Munchkin Pumpkin Baranski

She had a middle name bc we couldn't decide on a first name but we chose Munchkin!


----------



## readthebook2 (Jan 16, 2012)

"Mildred P Pricklepants" -- ha! I would call her by her full name constantly just for the fun of it..... great name!


----------



## hedgiegirl1214 (Jan 14, 2011)

Holly's is Holly B. Pricklethorn, and the B stands for Berry.


----------



## hanhan27 (May 12, 2011)

readthebook2 said:


> "Mildred P Pricklepants" -- ha! I would call her by her full name constantly just for the fun of it..... great name!


Rollys off the tongue nicely, doesn't it? :lol: It took her a while to stop huffing at the hard K sound in the last name! :roll:



hedgiegirl1214 said:


> Holly's is Holly B. Pricklethorn, and the B stands for Berry.


That is too cute!  It almost sounds like Halle Berry, hehe.
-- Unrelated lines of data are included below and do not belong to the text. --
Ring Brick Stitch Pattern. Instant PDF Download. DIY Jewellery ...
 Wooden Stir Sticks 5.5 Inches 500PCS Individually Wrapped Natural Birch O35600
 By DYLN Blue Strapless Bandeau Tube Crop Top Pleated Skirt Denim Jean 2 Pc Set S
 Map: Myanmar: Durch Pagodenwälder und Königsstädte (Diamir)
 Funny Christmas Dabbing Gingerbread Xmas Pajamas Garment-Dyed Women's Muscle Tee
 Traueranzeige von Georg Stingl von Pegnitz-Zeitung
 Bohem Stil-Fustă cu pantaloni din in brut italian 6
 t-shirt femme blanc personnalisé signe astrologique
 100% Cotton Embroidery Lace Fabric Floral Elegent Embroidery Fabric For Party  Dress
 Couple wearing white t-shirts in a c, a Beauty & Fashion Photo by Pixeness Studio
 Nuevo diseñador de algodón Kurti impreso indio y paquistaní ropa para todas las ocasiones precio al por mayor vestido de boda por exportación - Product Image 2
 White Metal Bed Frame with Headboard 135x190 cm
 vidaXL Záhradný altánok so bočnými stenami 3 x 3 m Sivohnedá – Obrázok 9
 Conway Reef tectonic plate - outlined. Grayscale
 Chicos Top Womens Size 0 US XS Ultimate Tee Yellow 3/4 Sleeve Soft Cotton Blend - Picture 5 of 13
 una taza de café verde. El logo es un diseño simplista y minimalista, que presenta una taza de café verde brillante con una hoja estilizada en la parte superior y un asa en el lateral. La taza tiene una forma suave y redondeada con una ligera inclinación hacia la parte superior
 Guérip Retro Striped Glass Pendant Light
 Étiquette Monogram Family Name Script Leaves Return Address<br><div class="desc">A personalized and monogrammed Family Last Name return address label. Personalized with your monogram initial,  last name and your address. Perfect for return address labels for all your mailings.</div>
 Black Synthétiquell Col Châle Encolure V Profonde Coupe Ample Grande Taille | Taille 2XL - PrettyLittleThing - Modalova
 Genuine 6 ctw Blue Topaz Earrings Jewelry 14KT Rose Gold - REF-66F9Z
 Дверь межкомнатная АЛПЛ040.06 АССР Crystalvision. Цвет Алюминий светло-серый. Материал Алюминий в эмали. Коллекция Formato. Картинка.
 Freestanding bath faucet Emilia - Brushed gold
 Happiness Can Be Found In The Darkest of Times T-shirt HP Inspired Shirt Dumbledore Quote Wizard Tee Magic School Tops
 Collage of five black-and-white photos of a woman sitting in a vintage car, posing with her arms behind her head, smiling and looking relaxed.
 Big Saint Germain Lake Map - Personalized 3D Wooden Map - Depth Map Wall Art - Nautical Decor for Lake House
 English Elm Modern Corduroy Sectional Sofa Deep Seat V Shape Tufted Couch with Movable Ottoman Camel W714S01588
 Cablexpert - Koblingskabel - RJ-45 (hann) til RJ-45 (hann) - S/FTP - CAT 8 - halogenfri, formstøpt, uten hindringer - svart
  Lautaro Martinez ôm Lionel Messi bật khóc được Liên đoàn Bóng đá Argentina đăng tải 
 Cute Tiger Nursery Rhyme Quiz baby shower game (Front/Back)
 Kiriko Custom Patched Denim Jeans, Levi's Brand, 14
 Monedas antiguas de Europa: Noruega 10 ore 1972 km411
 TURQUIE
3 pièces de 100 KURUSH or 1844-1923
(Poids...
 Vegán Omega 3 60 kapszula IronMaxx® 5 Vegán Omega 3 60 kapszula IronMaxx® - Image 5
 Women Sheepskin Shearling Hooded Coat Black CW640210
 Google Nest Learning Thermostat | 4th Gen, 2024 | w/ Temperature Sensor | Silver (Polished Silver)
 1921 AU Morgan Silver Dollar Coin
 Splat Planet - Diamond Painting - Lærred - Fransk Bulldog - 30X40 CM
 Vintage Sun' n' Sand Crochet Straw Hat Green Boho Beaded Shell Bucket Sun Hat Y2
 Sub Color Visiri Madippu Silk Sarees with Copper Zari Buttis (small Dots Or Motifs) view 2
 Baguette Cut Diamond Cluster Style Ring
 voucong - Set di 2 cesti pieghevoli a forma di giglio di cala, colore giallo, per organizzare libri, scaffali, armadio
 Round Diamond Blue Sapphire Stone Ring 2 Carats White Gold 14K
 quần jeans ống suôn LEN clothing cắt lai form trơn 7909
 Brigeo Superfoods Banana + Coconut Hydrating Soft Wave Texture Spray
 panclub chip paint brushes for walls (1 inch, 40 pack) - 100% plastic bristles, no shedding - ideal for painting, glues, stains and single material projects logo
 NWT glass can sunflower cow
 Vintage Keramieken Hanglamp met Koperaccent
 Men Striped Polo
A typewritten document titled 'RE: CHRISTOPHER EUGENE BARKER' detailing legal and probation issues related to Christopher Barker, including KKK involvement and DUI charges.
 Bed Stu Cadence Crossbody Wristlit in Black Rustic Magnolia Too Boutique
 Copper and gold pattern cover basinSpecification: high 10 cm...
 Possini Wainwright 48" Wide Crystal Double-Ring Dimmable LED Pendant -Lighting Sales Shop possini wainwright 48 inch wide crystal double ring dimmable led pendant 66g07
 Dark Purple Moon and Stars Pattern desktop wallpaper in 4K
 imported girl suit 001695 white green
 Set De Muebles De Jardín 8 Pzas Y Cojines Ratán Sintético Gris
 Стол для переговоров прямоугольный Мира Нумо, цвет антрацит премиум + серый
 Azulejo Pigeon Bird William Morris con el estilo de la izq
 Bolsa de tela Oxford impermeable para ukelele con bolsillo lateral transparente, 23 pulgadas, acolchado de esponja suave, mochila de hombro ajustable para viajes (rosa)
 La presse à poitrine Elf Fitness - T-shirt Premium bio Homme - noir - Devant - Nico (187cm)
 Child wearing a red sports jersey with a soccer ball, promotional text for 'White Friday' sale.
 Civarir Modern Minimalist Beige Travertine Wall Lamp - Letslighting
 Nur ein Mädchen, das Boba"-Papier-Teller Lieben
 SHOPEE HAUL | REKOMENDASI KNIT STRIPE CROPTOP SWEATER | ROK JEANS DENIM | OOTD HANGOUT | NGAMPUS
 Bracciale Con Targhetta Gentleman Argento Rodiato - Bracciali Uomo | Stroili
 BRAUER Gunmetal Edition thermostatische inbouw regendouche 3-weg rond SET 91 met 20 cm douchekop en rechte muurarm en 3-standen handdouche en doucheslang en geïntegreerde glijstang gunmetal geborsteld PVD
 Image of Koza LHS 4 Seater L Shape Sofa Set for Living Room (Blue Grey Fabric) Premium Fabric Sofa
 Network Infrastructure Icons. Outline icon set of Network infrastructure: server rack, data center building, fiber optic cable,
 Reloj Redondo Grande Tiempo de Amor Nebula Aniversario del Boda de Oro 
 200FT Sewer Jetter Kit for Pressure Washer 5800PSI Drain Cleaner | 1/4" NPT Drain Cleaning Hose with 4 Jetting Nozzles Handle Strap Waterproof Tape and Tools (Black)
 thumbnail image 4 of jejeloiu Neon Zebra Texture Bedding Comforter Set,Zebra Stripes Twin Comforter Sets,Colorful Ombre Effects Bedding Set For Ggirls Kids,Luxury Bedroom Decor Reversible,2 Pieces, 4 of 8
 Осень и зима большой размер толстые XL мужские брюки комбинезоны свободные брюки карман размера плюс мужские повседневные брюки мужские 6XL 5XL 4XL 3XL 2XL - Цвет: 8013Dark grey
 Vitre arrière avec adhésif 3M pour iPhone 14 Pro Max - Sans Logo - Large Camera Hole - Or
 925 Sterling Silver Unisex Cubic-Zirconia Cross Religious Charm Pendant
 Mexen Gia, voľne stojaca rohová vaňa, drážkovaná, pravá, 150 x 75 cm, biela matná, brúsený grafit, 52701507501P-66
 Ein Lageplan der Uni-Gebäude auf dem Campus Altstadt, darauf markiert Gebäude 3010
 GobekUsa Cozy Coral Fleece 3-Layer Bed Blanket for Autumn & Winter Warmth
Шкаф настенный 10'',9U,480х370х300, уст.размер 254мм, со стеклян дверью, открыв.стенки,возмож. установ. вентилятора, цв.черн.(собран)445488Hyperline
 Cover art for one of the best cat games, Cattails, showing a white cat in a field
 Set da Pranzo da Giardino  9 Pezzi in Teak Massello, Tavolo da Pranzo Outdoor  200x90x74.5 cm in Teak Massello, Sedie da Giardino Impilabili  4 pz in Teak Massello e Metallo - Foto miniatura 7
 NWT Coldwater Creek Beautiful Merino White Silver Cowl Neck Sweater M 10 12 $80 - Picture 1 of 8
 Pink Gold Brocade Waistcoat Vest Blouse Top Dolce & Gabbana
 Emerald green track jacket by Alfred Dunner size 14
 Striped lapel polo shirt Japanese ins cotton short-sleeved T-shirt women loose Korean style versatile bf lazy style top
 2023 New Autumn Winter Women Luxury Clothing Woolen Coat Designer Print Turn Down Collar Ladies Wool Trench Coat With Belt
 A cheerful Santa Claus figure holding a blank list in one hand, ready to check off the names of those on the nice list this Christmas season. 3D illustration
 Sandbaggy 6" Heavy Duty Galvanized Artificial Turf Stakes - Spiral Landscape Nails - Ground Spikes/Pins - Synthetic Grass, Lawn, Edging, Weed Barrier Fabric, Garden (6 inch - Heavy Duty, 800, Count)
My mom and I won't put our last name on our pets, because both of our last names have a reference to backsides and we find it embarrassing.  Her's is Butner, mine is Muraski (Mur-ass-key). So Milly got stuck with pants in her last name as her backside reference, haha! :lol:


----------



## JackieMackk (Nov 24, 2011)

hanhan27 said:


> My mom and I won't put our last name on our pets, because both of our last names have a reference to backsides and we find it embarrassing.  Her's is Butner, mine is Muraski (Mur-ass-key). So Milly got stuck with pants in her last name as her backside reference, haha! :lol:


 :lol: That is too funny! I love the way it rolls off the tongue though.

Same with Holly's full name! 


hedgiegirl1214 said:


> Holly's is Holly B. Pricklethorn, and the B stands for Berry.


Lovin all the prickle last names, too :3


----------



## ashh51191 (Dec 23, 2011)

i have Daisy Mae which i didn't realize she has the same name as the Daisy in Beverly Hillbillies hehe and then I have Willow who doesn't have a middle name yet but I think she needs one!


----------



## LarryT (May 12, 2009)

ashh51191 said:


> i have Daisy Mae which i didn't realize she has the same name as the Daisy in Beverly Hillbillies hehe and then I have Willow who doesn't have a middle name yet but I think she needs one!


The old Beverly Hillibillies show had a Ellie Mae Clampett, that show was so funny :lol: I still watch it sometimes.


----------



## jerseymike1126 (Jan 20, 2011)

No middle names but i do call pokey "mr okey dokey pokey"


----------



## moxieberry (Nov 30, 2011)

Archimedes' full name is: Archimedes Riot Caltrops Hochiwitchi Erebos Stockwell. XD

Riot is short for Iscariot, one of the other names we considered. Caltrops was my boyfriend's first hedgehog (a caltrop is a kind of spiky antipersonnel weapon made from nails or sharp wire). Hochiwitchi means 'hedgehog' in Romany; that one was the idea of Neil Gaiman, one of my favorite authors, when I asked for a name suggestion. Erebos is just a nod to Greek mythology, since I'm a mythology nut, and Stockwell is my boyfriend's last name.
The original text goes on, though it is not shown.